------ Extracted material

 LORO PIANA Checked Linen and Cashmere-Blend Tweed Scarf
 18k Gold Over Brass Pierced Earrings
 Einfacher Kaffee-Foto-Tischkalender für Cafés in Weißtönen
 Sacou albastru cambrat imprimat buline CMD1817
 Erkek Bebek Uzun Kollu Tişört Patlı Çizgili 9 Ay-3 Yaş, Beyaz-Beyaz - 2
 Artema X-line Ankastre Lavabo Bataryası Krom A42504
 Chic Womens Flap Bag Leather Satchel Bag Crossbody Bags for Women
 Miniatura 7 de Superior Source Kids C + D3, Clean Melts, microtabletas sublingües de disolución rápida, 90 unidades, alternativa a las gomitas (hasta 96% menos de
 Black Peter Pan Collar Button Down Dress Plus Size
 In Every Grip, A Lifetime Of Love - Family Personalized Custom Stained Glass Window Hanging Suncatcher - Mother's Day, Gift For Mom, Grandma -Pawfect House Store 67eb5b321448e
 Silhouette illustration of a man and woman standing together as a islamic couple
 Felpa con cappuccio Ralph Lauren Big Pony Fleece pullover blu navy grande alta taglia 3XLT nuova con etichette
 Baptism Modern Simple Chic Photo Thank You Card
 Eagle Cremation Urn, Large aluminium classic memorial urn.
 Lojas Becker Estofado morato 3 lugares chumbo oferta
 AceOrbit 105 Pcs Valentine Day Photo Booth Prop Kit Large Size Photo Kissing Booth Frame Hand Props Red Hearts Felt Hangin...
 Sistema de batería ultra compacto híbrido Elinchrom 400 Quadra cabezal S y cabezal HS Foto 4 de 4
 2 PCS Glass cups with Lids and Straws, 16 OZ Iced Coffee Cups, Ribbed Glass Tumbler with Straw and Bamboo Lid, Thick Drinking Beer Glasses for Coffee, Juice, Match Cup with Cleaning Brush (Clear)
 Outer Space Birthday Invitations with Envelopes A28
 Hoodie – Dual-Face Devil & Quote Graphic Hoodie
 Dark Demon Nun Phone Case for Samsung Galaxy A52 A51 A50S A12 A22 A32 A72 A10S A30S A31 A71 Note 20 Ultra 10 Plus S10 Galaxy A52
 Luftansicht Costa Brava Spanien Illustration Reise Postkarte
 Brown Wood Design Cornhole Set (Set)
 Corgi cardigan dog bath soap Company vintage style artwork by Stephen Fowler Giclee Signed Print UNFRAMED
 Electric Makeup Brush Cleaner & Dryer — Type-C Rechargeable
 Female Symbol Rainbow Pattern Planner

------------

- Task details
Your task is an exact transcription of every line above.

- Your solution
 LORO PIANA Checked Linen and Cashmere-Blend Tweed Scarf
 18k Gold Over Brass Pierced Earrings
 Einfacher Kaffee-Foto-Tischkalender für Cafés in Weißtönen
 Sacou albastru cambrat imprimat buline CMD1817
 Erkek Bebek Uzun Kollu Tişört Patlı Çizgili 9 Ay-3 Yaş, Beyaz-Beyaz - 2
 Artema X-line Ankastre Lavabo Bataryası Krom A42504
 Chic Womens Flap Bag Leather Satchel Bag Crossbody Bags for Women
 Miniatura 7 de Superior Source Kids C + D3, Clean Melts, microtabletas sublingües de disolución rápida, 90 unidades, alternativa a las gomitas (hasta 96% menos de
 Black Peter Pan Collar Button Down Dress Plus Size
 In Every Grip, A Lifetime Of Love - Family Personalized Custom Stained Glass Window Hanging Suncatcher - Mother's Day, Gift For Mom, Grandma -Pawfect House Store 67eb5b321448e
 Silhouette illustration of a man and woman standing together as a islamic couple
 Felpa con cappuccio Ralph Lauren Big Pony Fleece pullover blu navy grande alta taglia 3XLT nuova con etichette
 Baptism Modern Simple Chic Photo Thank You Card
 Eagle Cremation Urn, Large aluminium classic memorial urn.
 Lojas Becker Estofado morato 3 lugares chumbo oferta
 AceOrbit 105 Pcs Valentine Day Photo Booth Prop Kit Large Size Photo Kissing Booth Frame Hand Props Red Hearts Felt Hangin...
 Sistema de batería ultra compacto híbrido Elinchrom 400 Quadra cabezal S y cabezal HS Foto 4 de 4
 2 PCS Glass cups with Lids and Straws, 16 OZ Iced Coffee Cups, Ribbed Glass Tumbler with Straw and Bamboo Lid, Thick Drinking Beer Glasses for Coffee, Juice, Match Cup with Cleaning Brush (Clear)
 Outer Space Birthday Invitations with Envelopes A28
 Hoodie – Dual-Face Devil & Quote Graphic Hoodie
 Dark Demon Nun Phone Case for Samsung Galaxy A52 A51 A50S A12 A22 A32 A72 A10S A30S A31 A71 Note 20 Ultra 10 Plus S10 Galaxy A52
 Luftansicht Costa Brava Spanien Illustration Reise Postkarte
 Brown Wood Design Cornhole Set (Set)
 Corgi cardigan dog bath soap Company vintage style artwork by Stephen Fowler Giclee Signed Print UNFRAMED
 Electric Makeup Brush Cleaner & Dryer — Type-C Rechargeable
 Female Symbol Rainbow Pattern Planner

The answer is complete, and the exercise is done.